While nurses and doctors are concerned with the well-being of their patients, curators care about the works of art in their collection. There is no other reason to go into their line of work. … it is not the pay. The most important part of their work is to create the understanding necessary for art to be preserved. They do research to gather information about the objects in their collections and work with conservators on their physical preservation. But also, just like the librarian leads you in the right direction to the section or book you are looking for, they make the art understandable giving it context for the public through their installations and publications.

Part of a curator’s job is to teach, so they will explain to an individual or a group why the art is situated where it is. Art seeks context, but put a Houdon of Benjamin Franklin in the Metropolitan Museum, next to a Jeff Koons of a Rabbit that brought 91.1 million at auction and an abstract sculpture by Cecil Cartensen in the Kansas City Public Library and without explanation you would probably feel it is a chaotic mess and never visit that exhibition gallery or museum again.

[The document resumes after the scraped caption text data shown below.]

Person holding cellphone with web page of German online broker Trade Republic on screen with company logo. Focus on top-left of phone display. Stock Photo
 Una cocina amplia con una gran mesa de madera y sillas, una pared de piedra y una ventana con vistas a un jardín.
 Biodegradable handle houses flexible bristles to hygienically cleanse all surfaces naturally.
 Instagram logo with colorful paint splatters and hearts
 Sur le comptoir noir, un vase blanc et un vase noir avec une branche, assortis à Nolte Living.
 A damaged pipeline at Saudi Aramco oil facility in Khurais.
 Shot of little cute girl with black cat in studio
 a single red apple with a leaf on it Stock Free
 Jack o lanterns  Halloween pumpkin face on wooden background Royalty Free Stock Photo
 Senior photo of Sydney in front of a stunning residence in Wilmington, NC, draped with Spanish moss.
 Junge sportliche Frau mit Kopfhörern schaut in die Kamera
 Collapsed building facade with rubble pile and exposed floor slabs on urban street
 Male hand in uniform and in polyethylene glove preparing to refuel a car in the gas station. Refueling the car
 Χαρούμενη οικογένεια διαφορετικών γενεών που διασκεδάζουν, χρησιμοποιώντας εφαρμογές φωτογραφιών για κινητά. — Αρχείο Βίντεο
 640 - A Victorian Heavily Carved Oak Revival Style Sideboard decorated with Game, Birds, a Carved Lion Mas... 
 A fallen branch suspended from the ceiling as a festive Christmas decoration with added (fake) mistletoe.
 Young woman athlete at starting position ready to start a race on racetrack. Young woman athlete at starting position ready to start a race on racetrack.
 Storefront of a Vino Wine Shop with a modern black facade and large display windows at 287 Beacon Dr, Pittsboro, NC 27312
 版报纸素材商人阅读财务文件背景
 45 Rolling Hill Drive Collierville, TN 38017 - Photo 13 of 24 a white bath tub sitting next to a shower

If, however, the curator wanted to do an exhibition of the ideal male figure and placed a Giacometti of “Walking Man (1960) in the Fondation Giacometti, next to a marble Roman copy (1st century AD) of the bronze Discus-thrower of Myron Sculpture (460-450 BC) in the Palazzo Lancellotti in Rome, next to Michelangelo’s David (1501-1504) in the Gallerian dell’Academia in Florence it might be a show that will intrigue you by the comparison without any explanation. If this were to be put into further context by the curator explaining her choices, you would enjoy the exhibition all the more. You might even wish to look deeper into other sculpture of these periods. (Images Walking Man, Discus-thrower, Michelangelo’s David)




Personally, I want an exhibition to speak to me without explanation first, but like all the arts the more you know and understand the more you can enjoy and get out of the presentation. Curators explain works in labels, didactic panels, audio guides and interactive videos, but if you have the chance of a visit with the curator as guide that makes it all the more enlightening.

It is an interesting subject to mull over and think why we might trust people that we may have never met before.